Diese unterschiedliche Lage muss aber nicht bedeuten, dass der Österreich-Konvent zu keinem Ergebnis kommt. Es wird hier allerdings letztendlich mehr von Parteiengesprächen hinter den Kulissen oder bestenfalls im Präsidium abhängen als von den Beratungen direkt im Konvent.

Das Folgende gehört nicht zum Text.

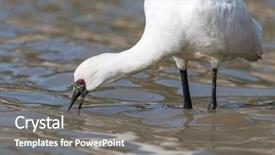  Presentation with waterland - Colorful PPT theme enhanced with people migration - black-faced spoonbill in waterland backdrop and a  colored foreground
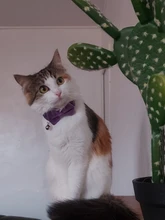 Collar de gato de terciopelo con lazo liso para cachorro, Chihuahua, con campana, hebilla de seguridad ajustable, pajarita para gatos, accesorios para mascotas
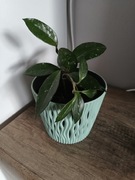 Hoja wraz z doniczką 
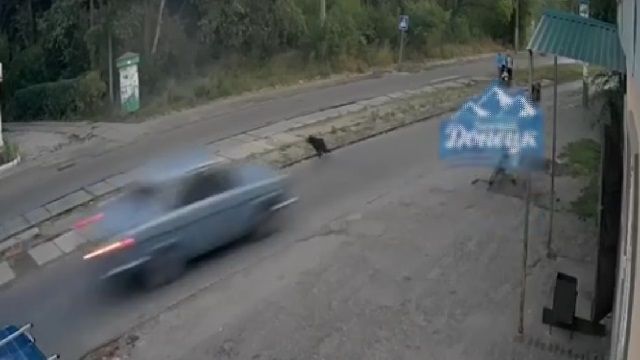 [動画0:20] 犬を避けた車がスピン、真っ先に逃げる父→母と子が飛んでいく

Spätestens hier enden die Möglichkeiten für einen Vergleich der beiden Konvente. Die inhaltlichen Fragen und die politischen Rahmenbedingungen sind zu unterschiedlich. Insbesondere für die Städte und Gemeinden steht im Österreich-Konvent wesentlich mehr auf dem Spiel. Da war es vergleichsweise leicht, im Europäischen Konvent die Anerkennung der kommunalen Selbstverwaltung und eine Rechtsgrundlage für die Daseinsvorsorge in der neuen Europäischen Verfassung durchzusetzen. Als Mitglied beider Konvente fällt mir weiters die unterschiedliche Herangehensweise an die Frage von Zielbestimmungen auf. Während es auf europäischer Ebene von vorneherein klar war, dass es einen Artikel mit den Zielen der Union geben muss und niemand einer reinen „Spielregelverfassung“ das Wort redete, gehört diese Frage zu den umstrittensten im Österreich-Konvent. Ich halte es für richtig, dass sich die Europäische Union damit nicht nur eine inhaltliche Ausrichtung gibt, sondern sich damit auch vor den europäischen Bürgern legitimiert. Mich verblüfft allerdings, dass der Nationalstaat noch immer glaubt, quasi zum Selbstzweck zu existieren und sich vor seinen Bürgern nicht inhaltlich rechtfertigen zu müssen.